▶ [Aim of the exercise] For this exercise, return only the lines in the records below from the one holding "Fabric Beige Tartan" through the one holding "vidaXL Lit &agrave;", including both, exactly as they appear and without pictures.

▶ [Input data]
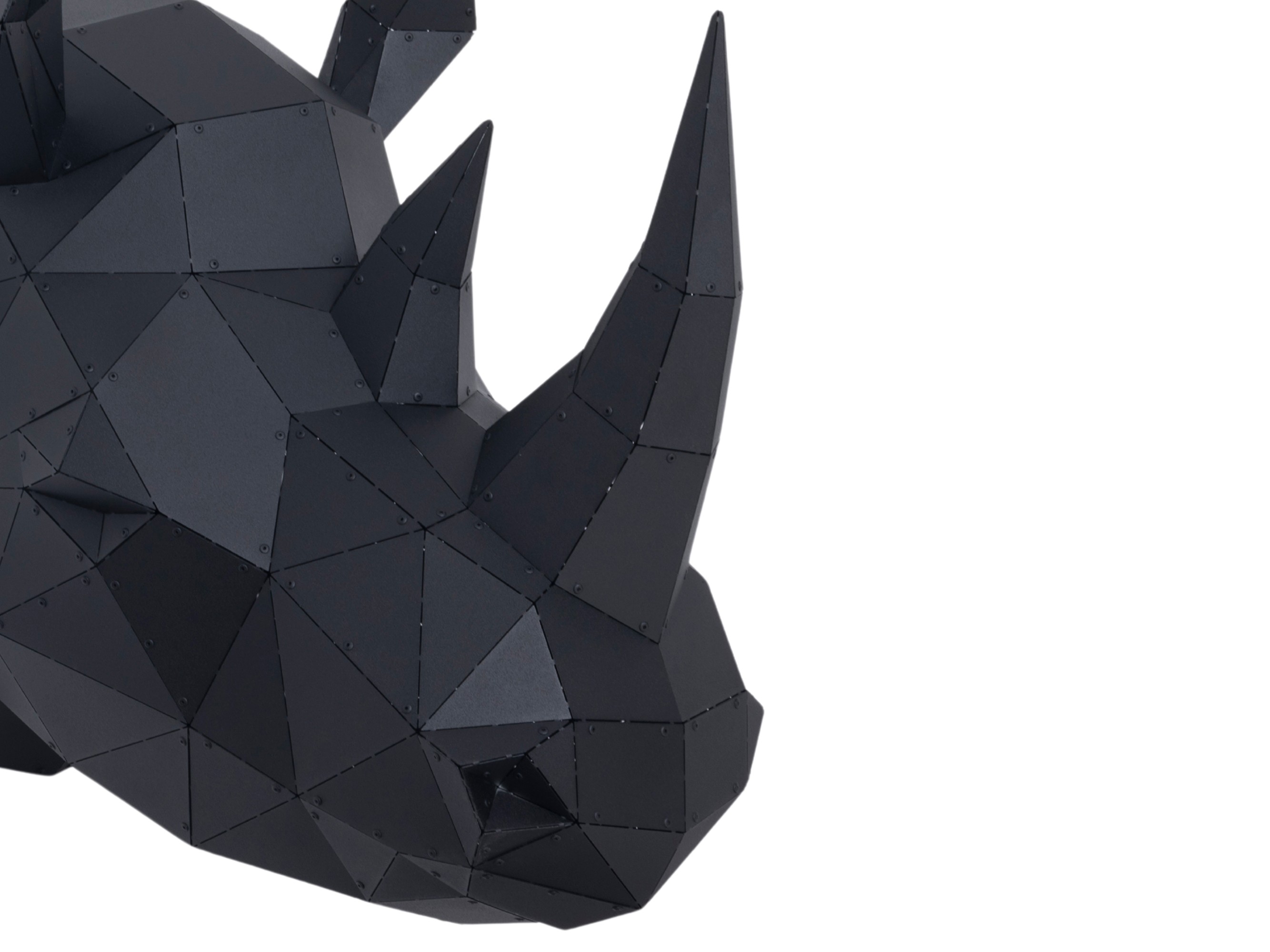 3D Metal Gergedan Kafası Heykeli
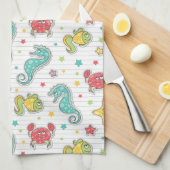 Linge De Cuisine motif des créatures de mer (Quart Plié)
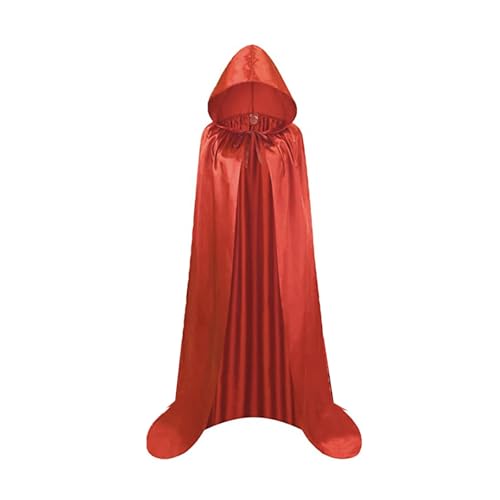 Kapuzenumhang aus Samt für Kinder und Erwachsene, Satin, Stehkragen, Kapuze, Sensenmann, Umhang, Robe, schwarz, Performance-Bekleidungsset von Generisch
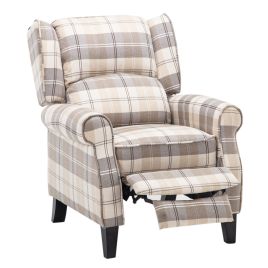 Fabric Beige Tartan Motion Reclining Armchair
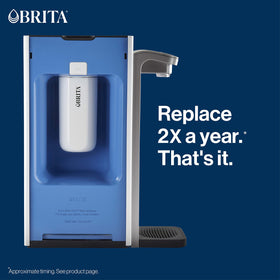 Brita Hub filter reducing impurities visualized by clear water.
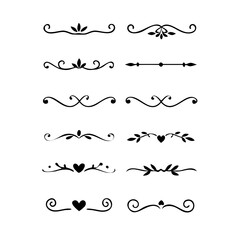 Set of Vintage decorative lines. text dividers. Line border. Lines separators, Borders, Vintage dividers, Underline elements. Divider set vector. Vector illustration.Line dividers.	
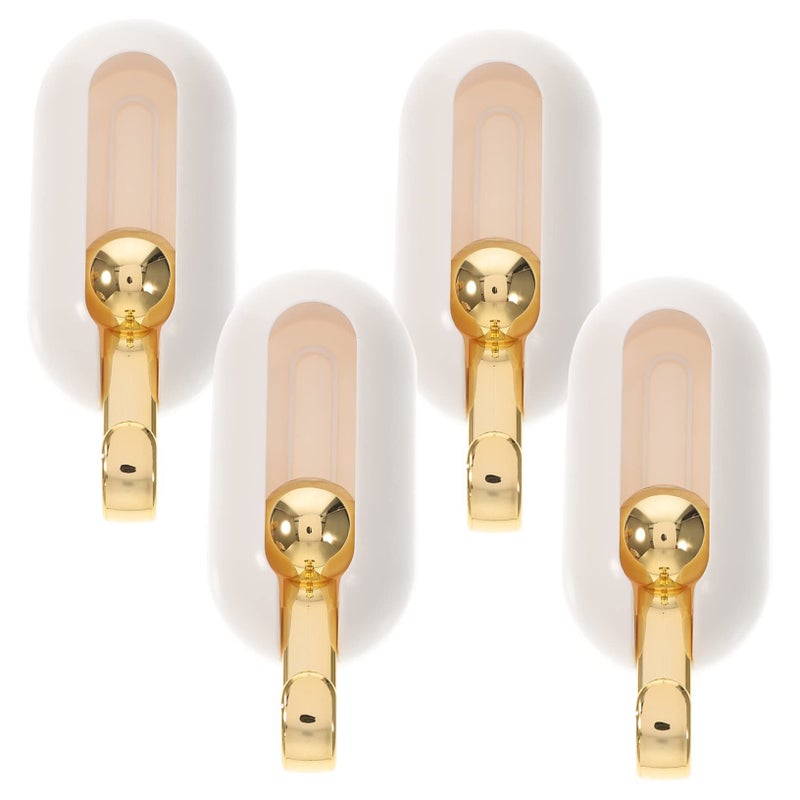 4 Pack Adhesive Wall Hooks For Hanging Hats Towels Clothes No Drill Hangers For Bathroom Kitchen Bedroom Smooth Surfaces - Image 2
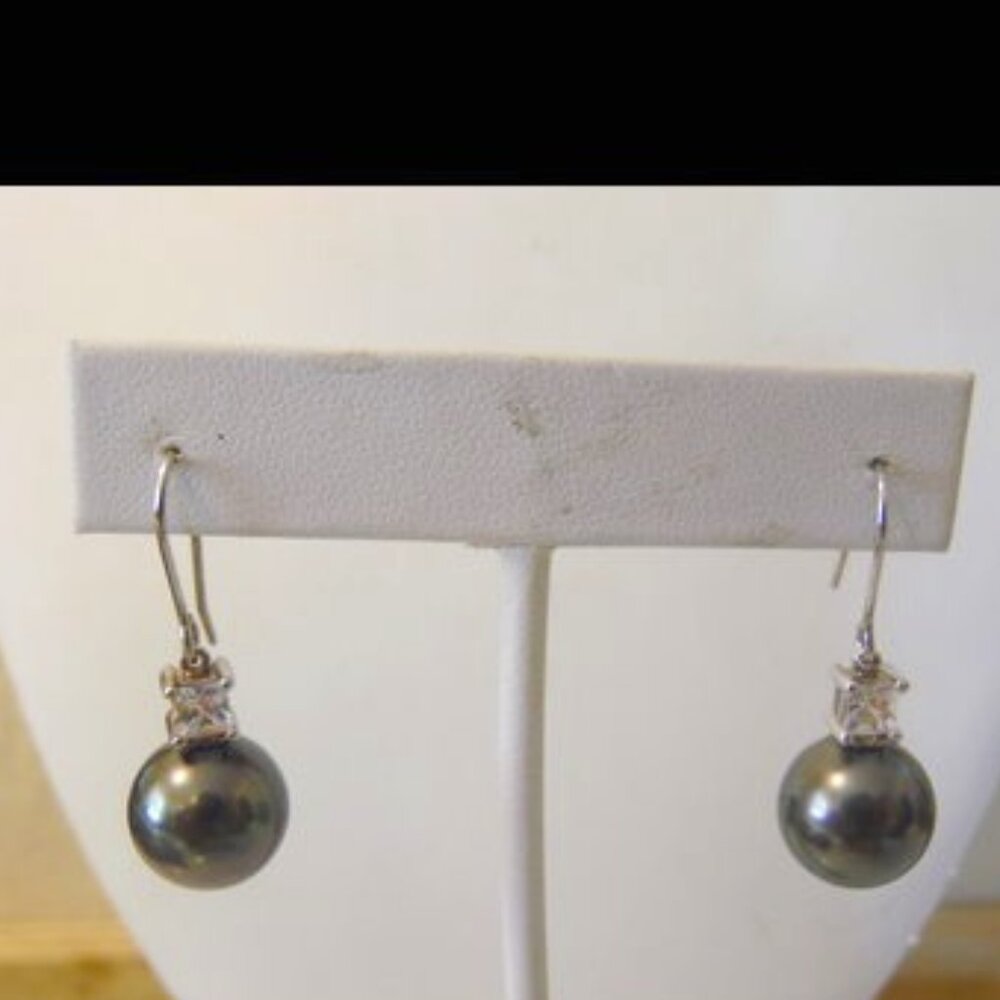 Pearlfection Black Faux South Sea Pierced Drop Earrings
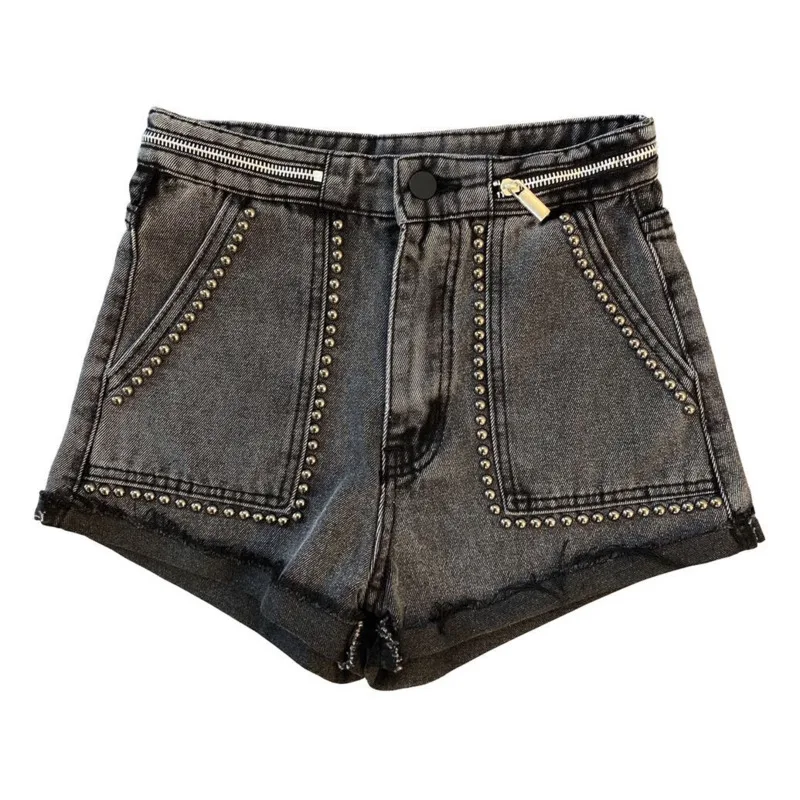 SHENGPALAE 2021 Summer New Women's Fashion Rivet Ripped Pocket Zipper Streetwear Low Waist Denim Shorts Female MI666
SHENGPALAE 2021 Summer New Women's Fashion Rivet Ripped Pocket Zipper Streetwear Low Waist Denim Shorts Female MI666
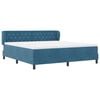 vidaXL Lit &agrave; ressorts avec matelas Bleu fonc&eacute; 180 x 200 cm Velours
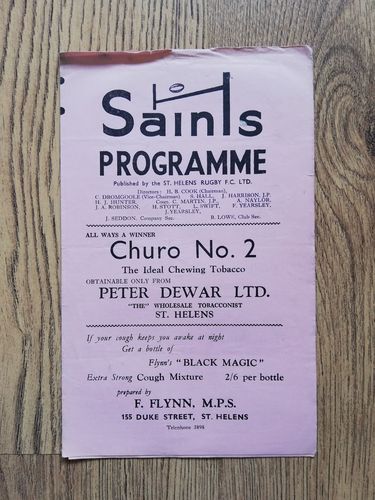 St Helens v Salford Mar 1961 Rugby League Programme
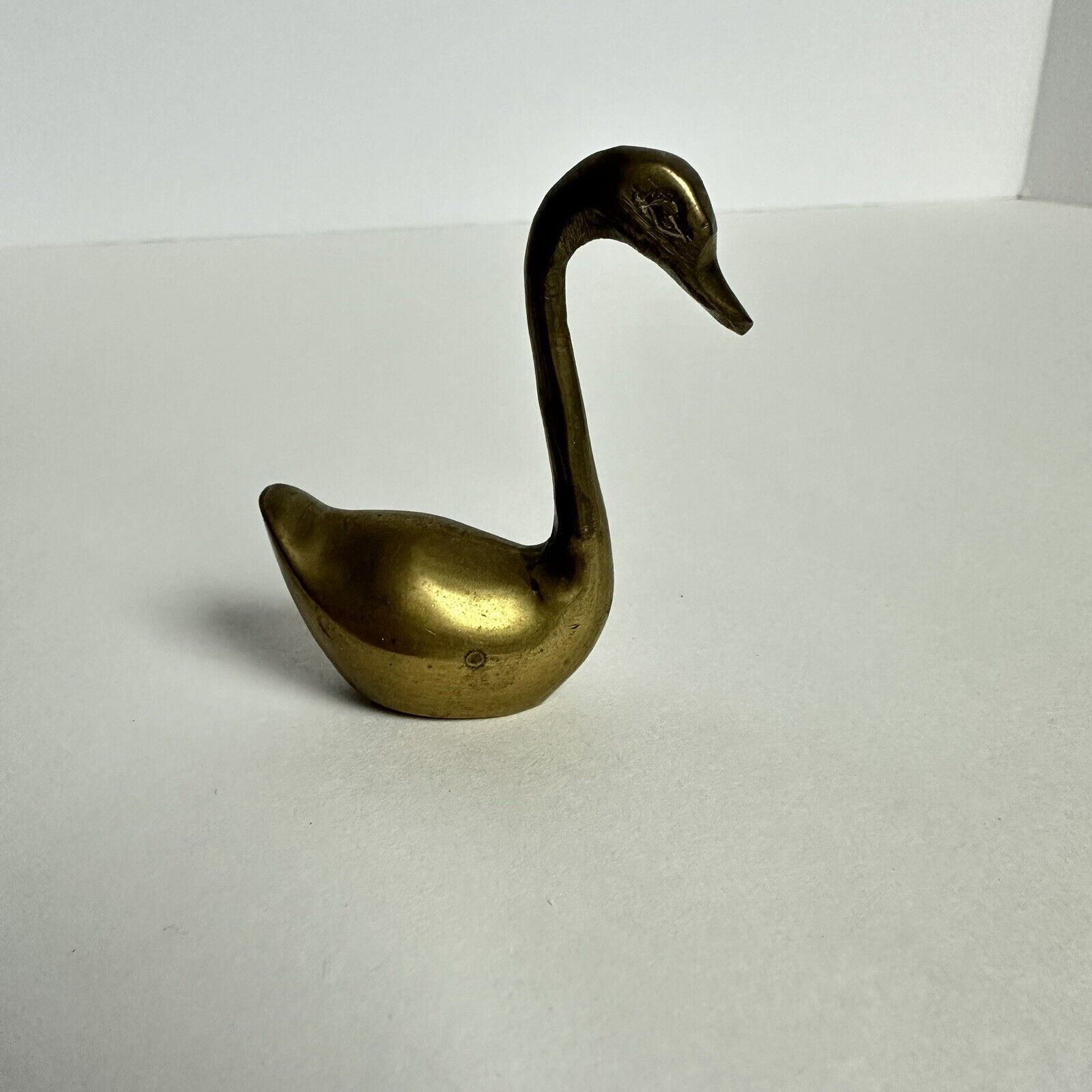 Vintage Small Solid Brass Swan Goose Bird Mini Figurine 2.5” India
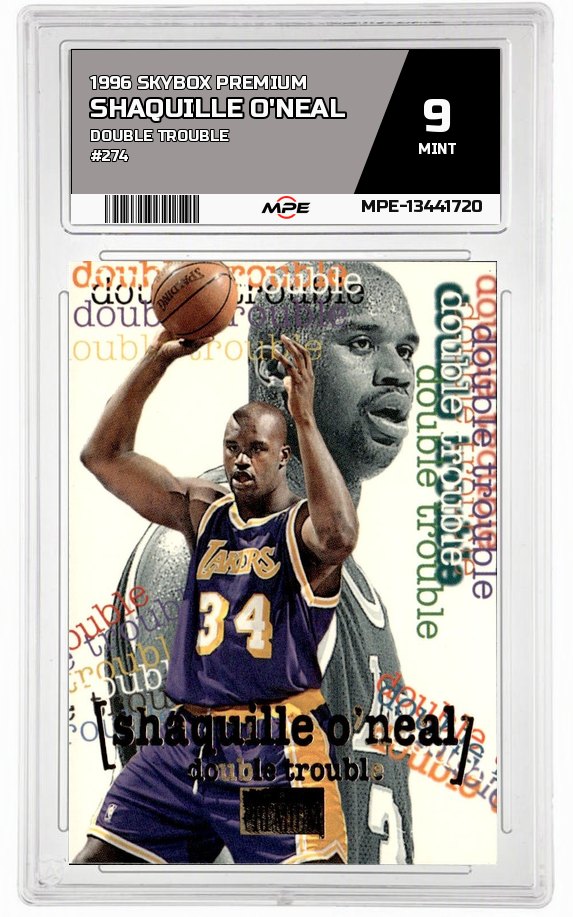 1996 SKYBOX PREMIUM DOUBLE TROUBLE #274 SHAQUILLE O'NEAL MPE 9 MINT — graded card auctioned from the MPE vault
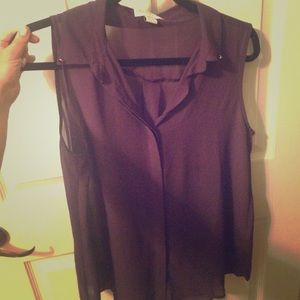 Purple Sheer Collared Shirt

▶ [Result of the exercise]
 Fabric Beige Tartan Motion Reclining Armchair
 Brita Hub filter reducing impurities visualized by clear water.
 Set of Vintage decorative lines. text dividers. Line border. Lines separators, Borders, Vintage dividers, Underline elements. Divider set vector. Vector illustration.Line dividers.	
 4 Pack Adhesive Wall Hooks For Hanging Hats Towels Clothes No Drill Hangers For Bathroom Kitchen Bedroom Smooth Surfaces - Image 2
 Pearlfection Black Faux South Sea Pierced Drop Earrings
 SHENGPALAE 2021 Summer New Women's Fashion Rivet Ripped Pocket Zipper Streetwear Low Waist Denim Shorts Female MI666
SHENGPALAE 2021 Summer New Women's Fashion Rivet Ripped Pocket Zipper Streetwear Low Waist Denim Shorts Female MI666
 vidaXL Lit &agrave; ressorts avec matelas Bleu fonc&eacute; 180 x 200 cm Velours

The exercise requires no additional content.